SALMON PROVENÇAL

Welcome to your new favourite way to cook salmon. This elegant side is lightly salted for 30 minutes to give it a light cure, then cooked in a low oven to ensure the flesh is moist and succulent.

Prep:
10 mins(prep time) + 30 mins(salting time)
Cook:
40 mins
Serves:
8-10

Ingredients

1 side of Mt Cook fresh salmon (1.2kg)

2 tsp flaky sea salt

1 punnet cherry tomatoes quartered

⅓ cup pitted kalamata olives, roughly chopped

2 cloves garlic, finely chopped

1 Tbsp chopped thyme leaves

Zest of 1 orange

¼ cup olive oil Italian parsley, chopped, to garnish

Method

Lay the salmon, skin side down, in a large roasting dish.

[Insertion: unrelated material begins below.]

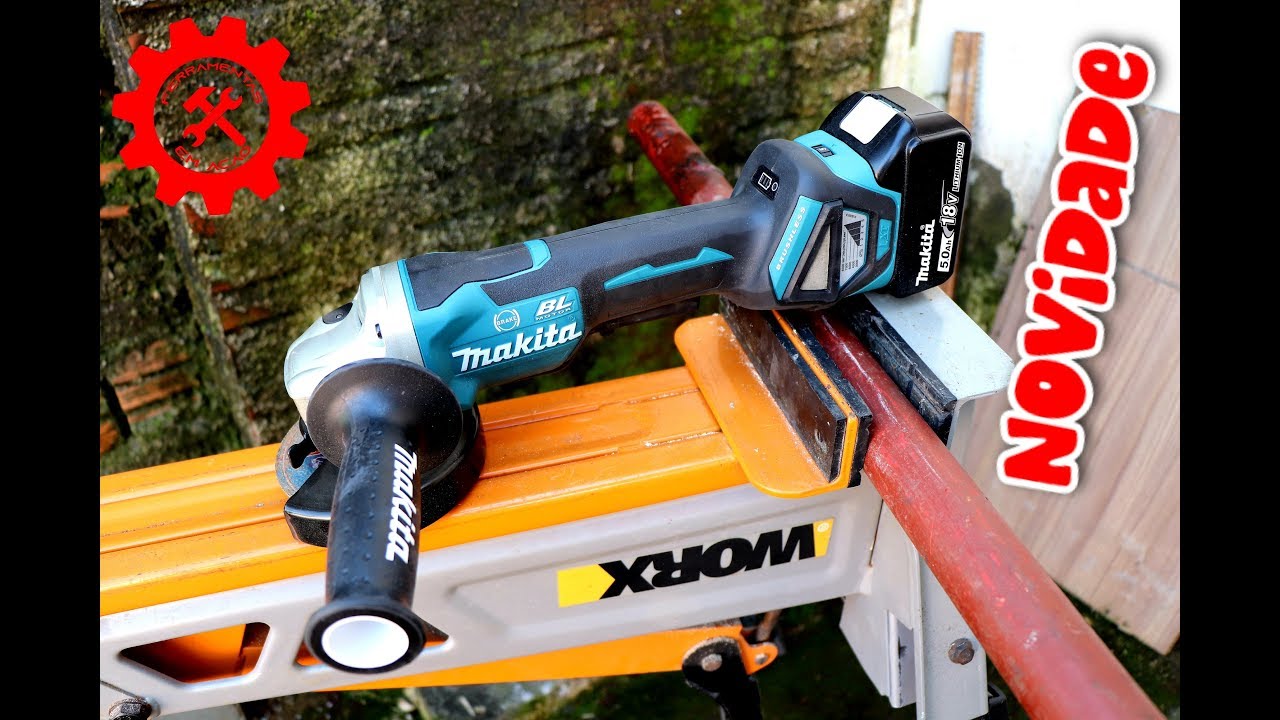 Sensacional a Nova Esmerilhadeira Makita DGA467 (A Bateria 18v)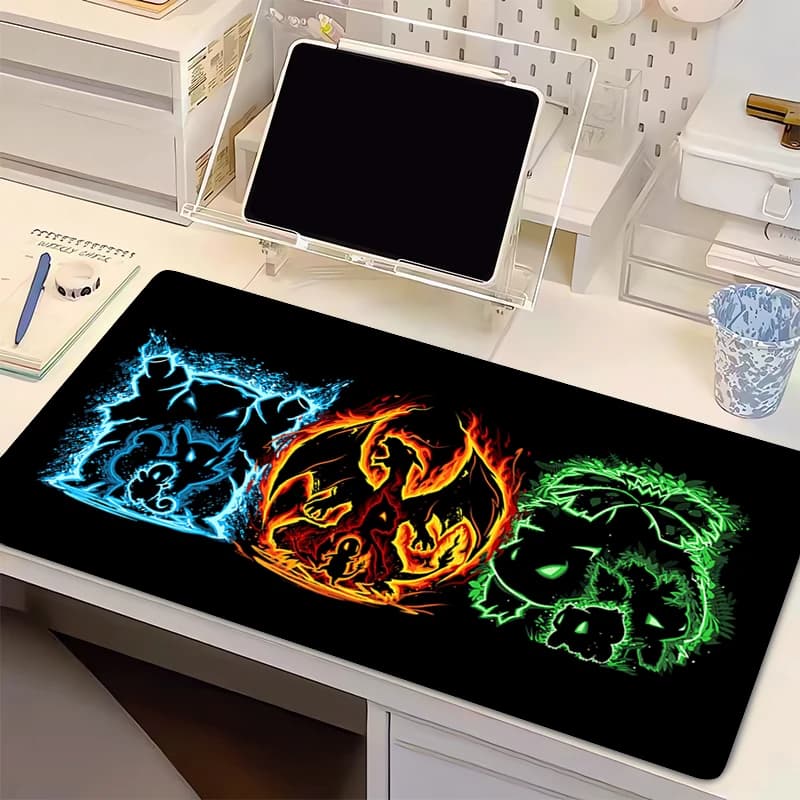 Tappetino per mouse per ufficio, laptop, P-Pokemon, Anime, Gamer, computer, tappetino per mouse antiscivolo, accessori per giochi, tablet, Varmilo, tastiera, tappetino per mouse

Season with the sea salt and set for 30 minutes to cure slightly.

Preheat the oven to 130°C. Combine the cherry tomatoes, olives, garlic, thyme, orange zest, and olive oil in a bowl. Spoon the mix evenly over the salmon.

Bake for 40 minutes, or until there is no resistance in the salmon when you insert the tip of a knife into its thickest part. Rest the salmon for 5 minutes then sprinkle over the parsley and serve either warm or at room temperature.